Single by Eagles

from the album Eagles
- B-side: "Tryin'"
- Released: December 1, 1972
- Recorded: Olympic Sound (London, England)
- Genre: Soft rock; country rock; folk rock;
- Length: 4:13
- Label: Asylum
- Songwriter: Jack Tempchin
- Producer: Glyn Johns

Eagles singles chronology
| "Witchy Woman" (1972) | "Peaceful Easy Feeling" (1972) | "Tequila Sunrise" (1973) |

= Peaceful Easy Feeling =

"Peaceful Easy Feeling" is a song written by Jack Tempchin and recorded by the Eagles. It was the third single from the band's 1972 debut album Eagles. The single reached No. 22 on the charts and is one of the band's most popular songs. Glenn Frey sings the lead vocal, with Bernie Leadon providing the main harmony vocal (starting in the beginning of the second verse) and Randy Meisner completing this three-part harmony.

==Background==
Jack Tempchin wrote the song during a period in which he was performing at folk coffee shops around his hometown of San Diego. A friend had created a poster to advertise his performances, which included fake quotes from famous individuals attesting to Tempchin's talent, which landed in the hands of a shop owner in nearby El Centro. Tempchin slept on the floor of the club the night of his show, and wrote an early version of "Peaceful Easy Feeling" on the back of the poster. Back in San Diego, Tempchin was rooming in a communal-type home with other musicians when inspiration for completing the song hit.
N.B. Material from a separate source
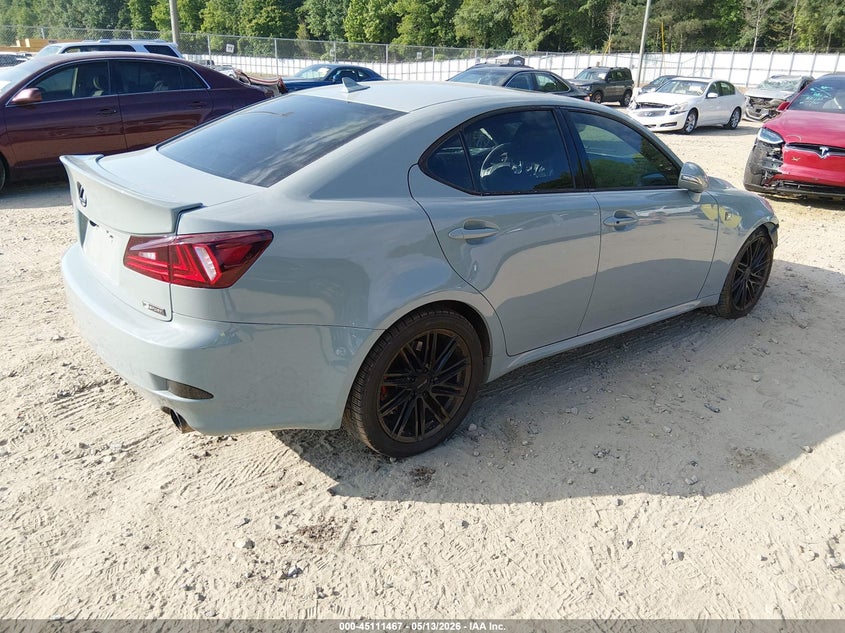 2012 Lexus Is VIN JTHBF5C28C5167438 IAAI salvage auction — LEFT SIDE, Salvage (Georgia), sold $550 on 2026-07-09 (photo 4)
We'd sit in front of the picture window and watch the beautiful girls on the bus stop bench and fall in love with them until their bus came. We talked in those days about how love never seems to show up until you stop looking for it. But, as young guys, we were unable to stop looking for love even for one day.

During a following trip to Old Town San Diego State Historic Park, Tempchin saw a girl with "turquoise earrings against her dark skin," which he incorporated into the song. "I guess I was trying to distill the beauty of every girl I saw into words on paper and then into a song," he later stated. He later completed the song's third verse in the parking lot of the Der Wienerschnitzel fast food establishment in San Diego.

Some time later, Tempchin had moved to Los Angeles and was attempting to break into the music industry alongside Jackson Browne, Glenn Frey, and JD Souther. Frey heard Tempchin's "Peaceful Easy Feeling" and asked if he could develop it further, adding that his new band, the Eagles, had only just formed eight days prior. He presented Tempchin with a cassette demo on the track the next day, who later remarked, "It was so good I couldn’t believe it."

Billboard described the song as "a pop-flavored progressive country effort with lyrics that penetrate and stick in the mind." Record World called it "mellow country folk music at its best."

== Personnel ==
- Glenn Frey – lead vocals, acoustic guitar
- Bernie Leadon – B-Bender electric guitar, harmony vocals
- Randy Meisner – bass, backing vocals
- Don Henley – drums, backing vocals

==Cover versions==
On the 1993 album Common Thread: The Songs of the Eagles, country music band Little Texas recorded a cover of "Peaceful Easy Feeling". This cover version charted at No. 74 on the U.S. Billboard Hot Country Songs charts and was later included on the band's 1995 Greatest Hits album.

==Charts==

| Chart (1972–1973) | Peak position |
|---|---|
| Canada Top Singles (RPM) | 35 |
| Canadian Adult Contemporary (RPM) | 22 |
| US Billboard Hot 100 | 22 |
| US Easy Listening (Billboard) | 20 |

==Certifications==

| Region | Certification | Certified units/sales |
| New Zealand (RMNZ) | 2× Platinum | 60,000^{‡} |
| United Kingdom (BPI) | Silver | 200,000^{‡} |
^{‡} Sales+streaming figures based on certification alone.